> Required work
Print the listing as it stands, omitting all images.

> Data below

▽

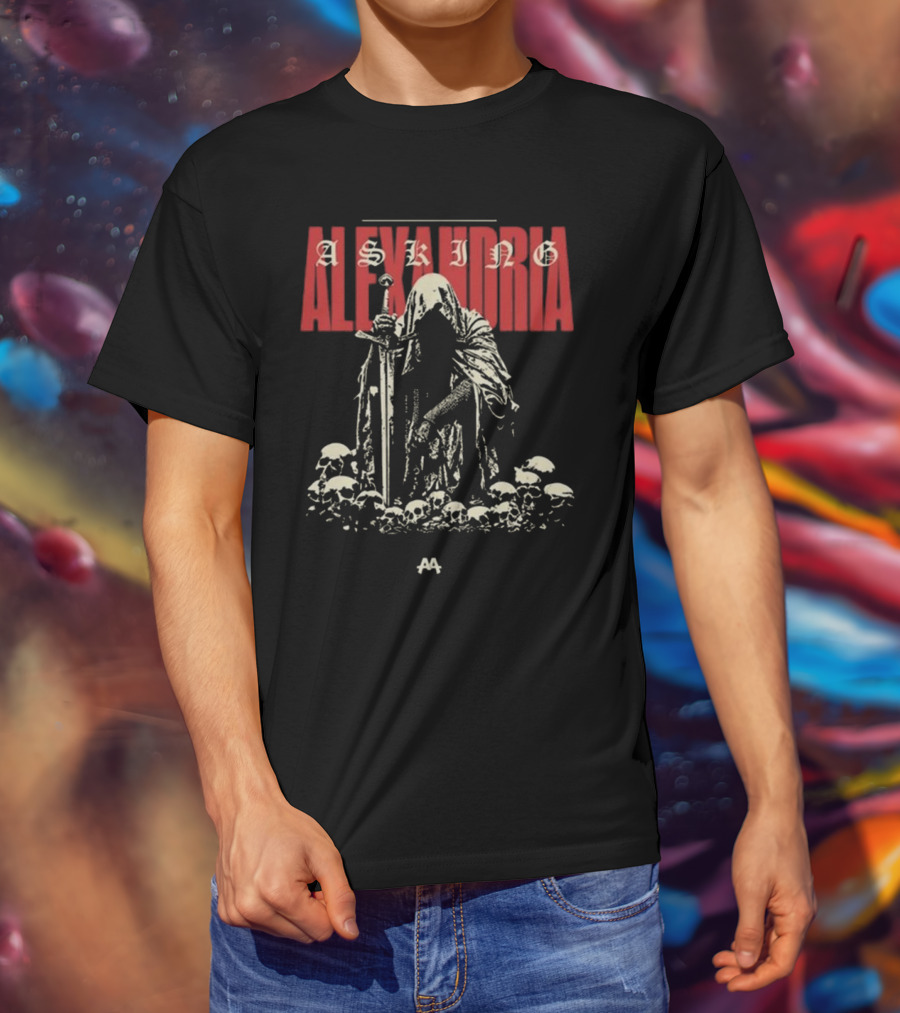Asking Alexandria Skeleton Cloaked Figure With Sword Among Skulls T-Shirt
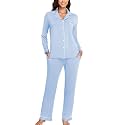 Veseacky Women's Ribbed Knit Pajamas Set 2 Piece Warm Soft Loungewear Sleepwear Pjs S-XXL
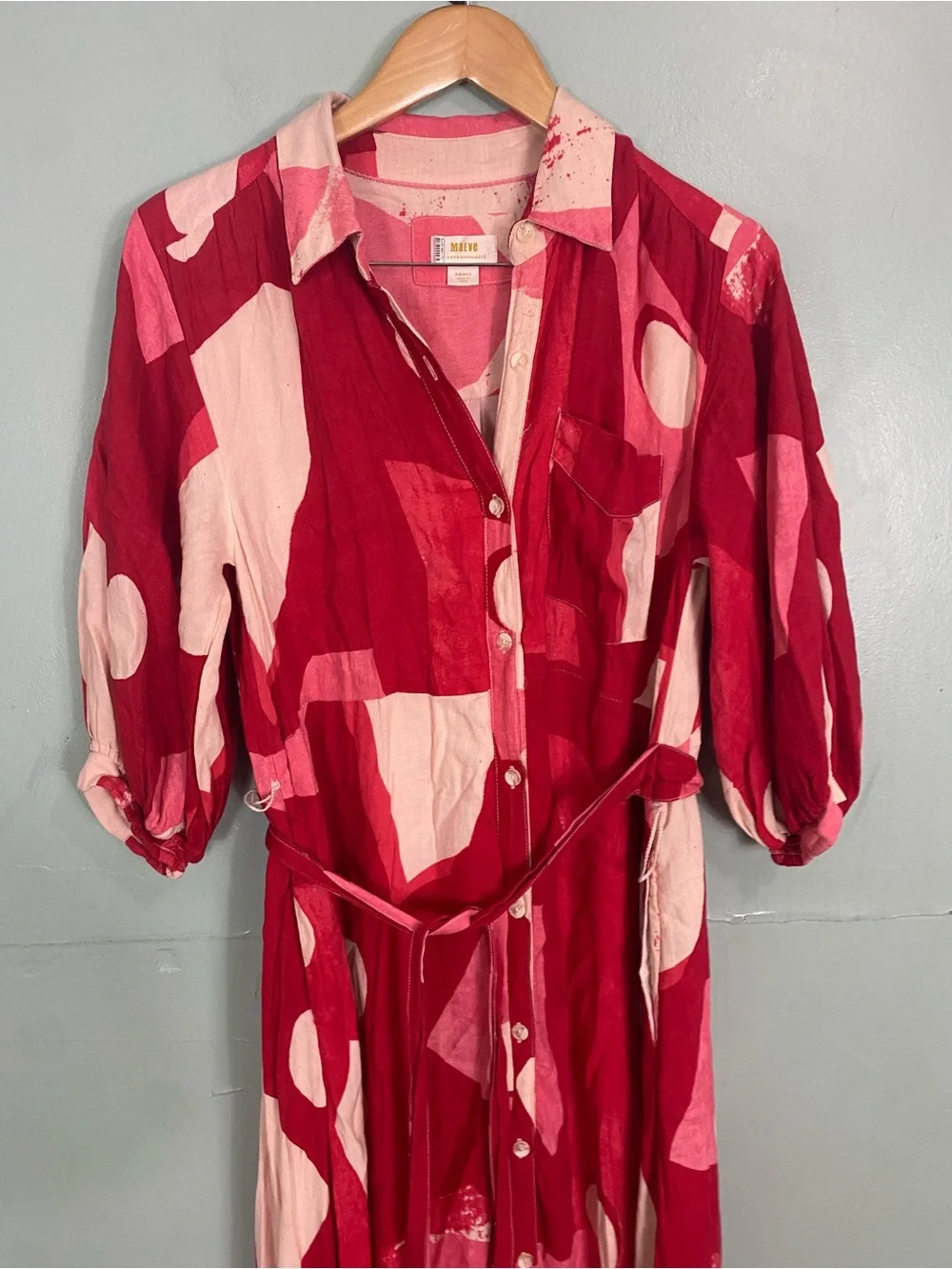 Anthropologie The Mona Linen Shirt Dress Pink Red Small - Picture 3 of 7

△

> Solution
Asking Alexandria Skeleton Cloaked Figure With Sword Among Skulls T-Shirt
 Veseacky Women's Ribbed Knit Pajamas Set 2 Piece Warm Soft Loungewear Sleepwear Pjs S-XXL
 Anthropologie The Mona Linen Shirt Dress Pink Red Small - Picture 3 of 7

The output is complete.